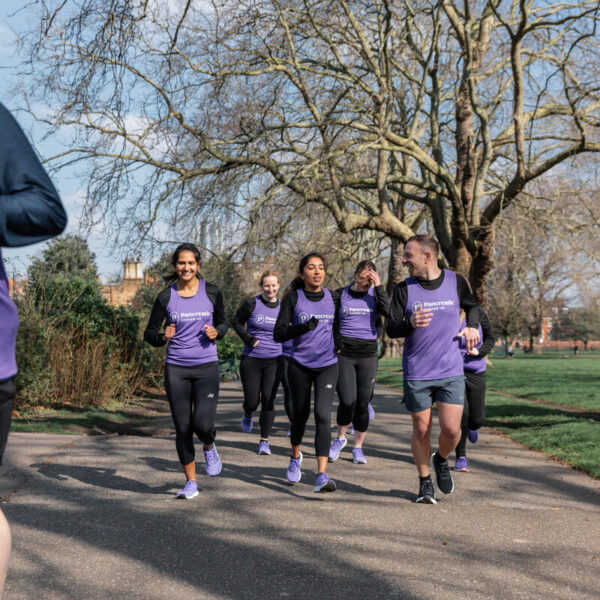 man running closely to screen while a group of runners hangs back to and chat with each other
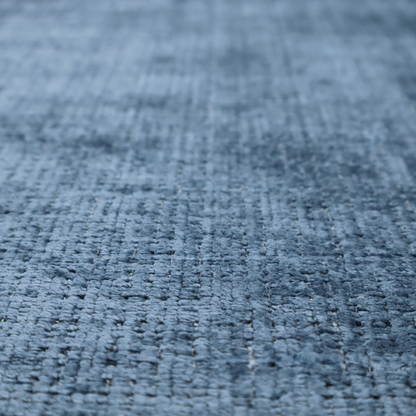 Scanno Weave upholstery fabric in a medium blue shade, featuring a detailed, woven texture with an interlocking grid pattern.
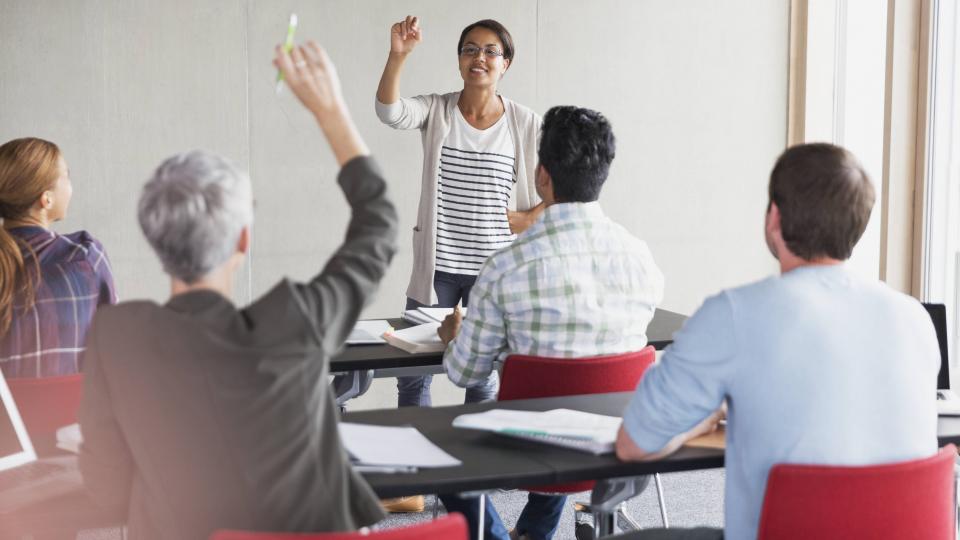 Eine Gruppe erwachsener in einer Besprechungssituation. Ein Zuhörer hat die Hand erhoben, die Moderatorin erteilt ihm das Wort.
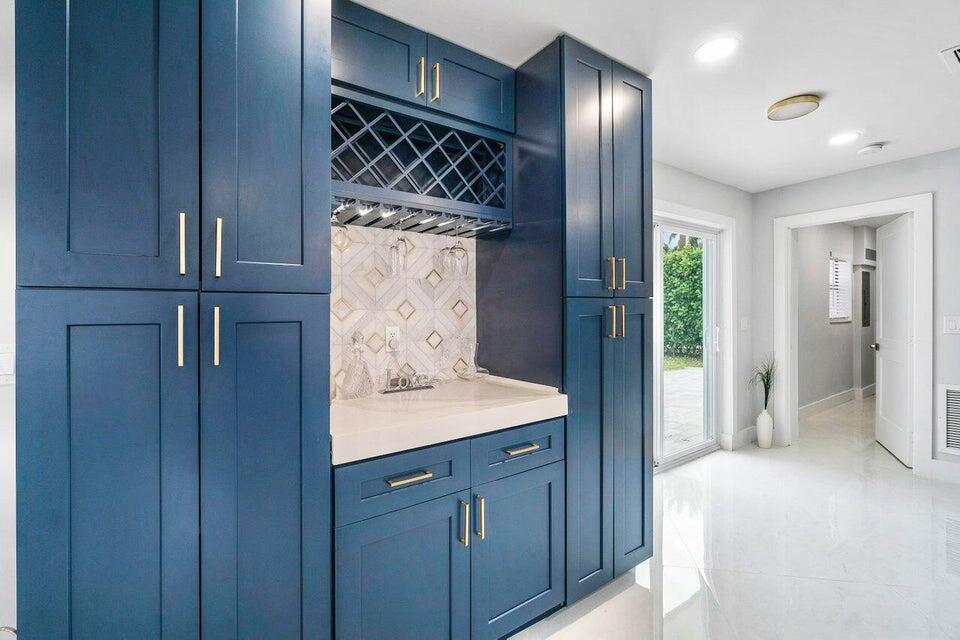 324 Bamboo Road Palm Beach Shores, FL 33404 - Photo 11 of 59 a kitchen with a refrigerator and cabinets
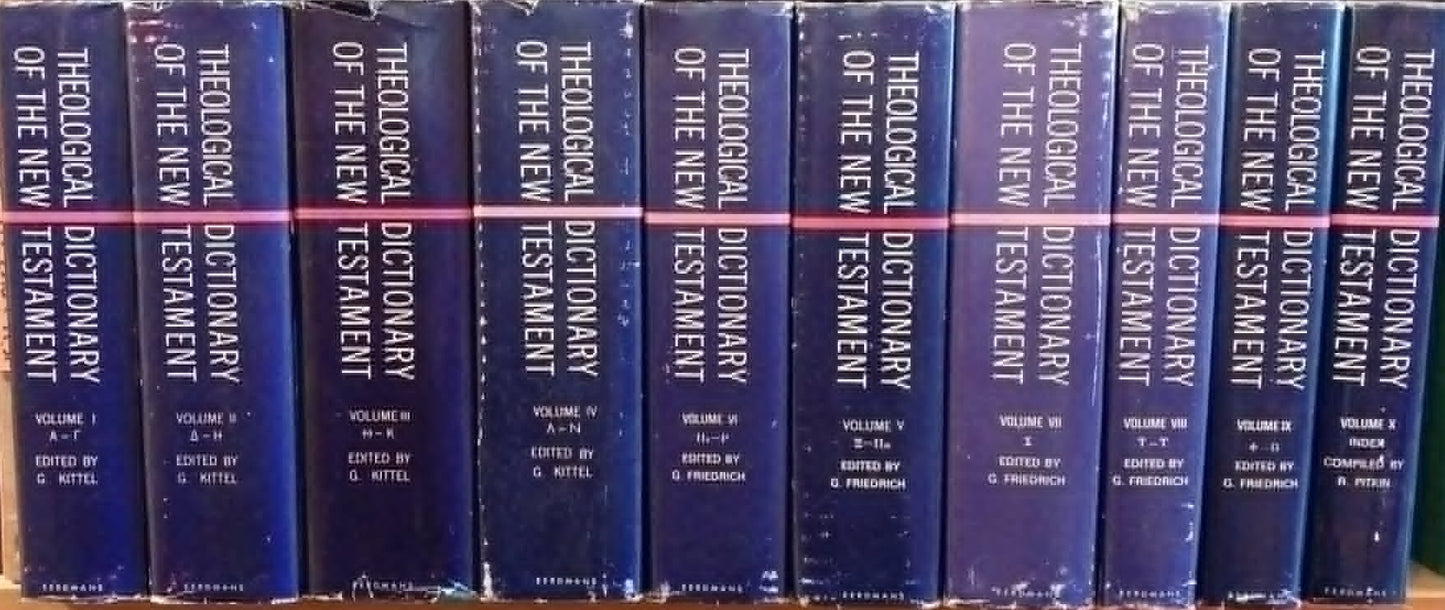 Row of blue books titled 'Theological Dictionary of the New Testament' on a shelf.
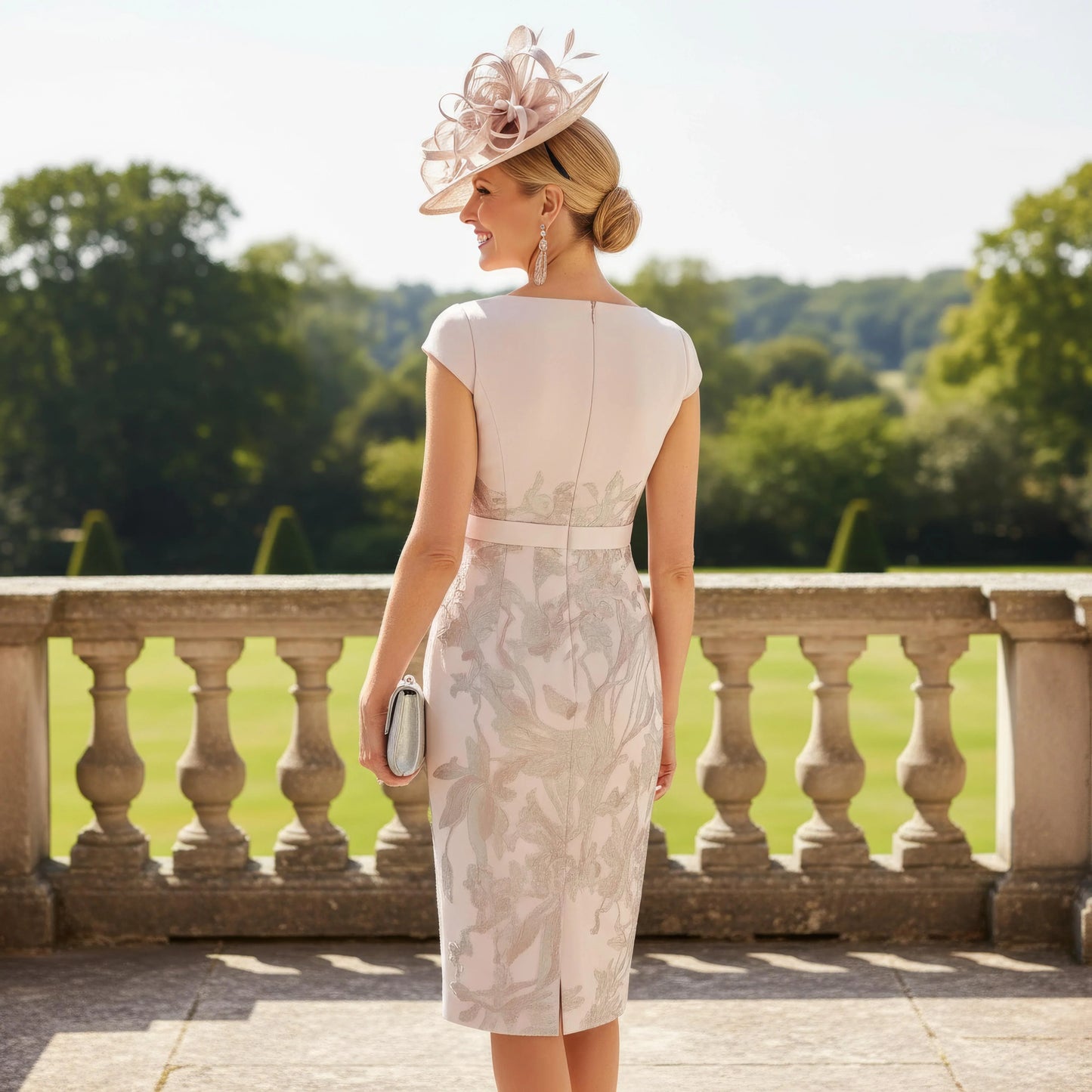 A stunning two piece by Rosa Clara Couture club Pink mother of the Bride Outfit.

The dress is knee length with short length sleeves and round neckline.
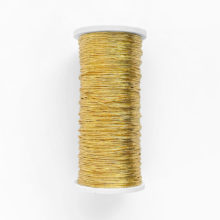 gold thread on a white spool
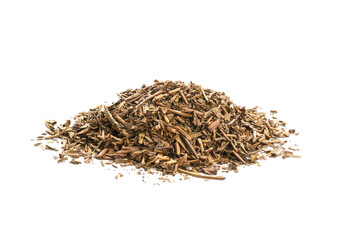Pile of dry hojicha green tea on white background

**HOW TO COMPLETE THIS TASK**. Take only the line containing "gold thread on a white spool" and every line after it to the end of the entries, and copy them exactly, pictures excluded.

**YOUR SOLUTION**.
 gold thread on a white spool
Pile of dry hojicha green tea on white background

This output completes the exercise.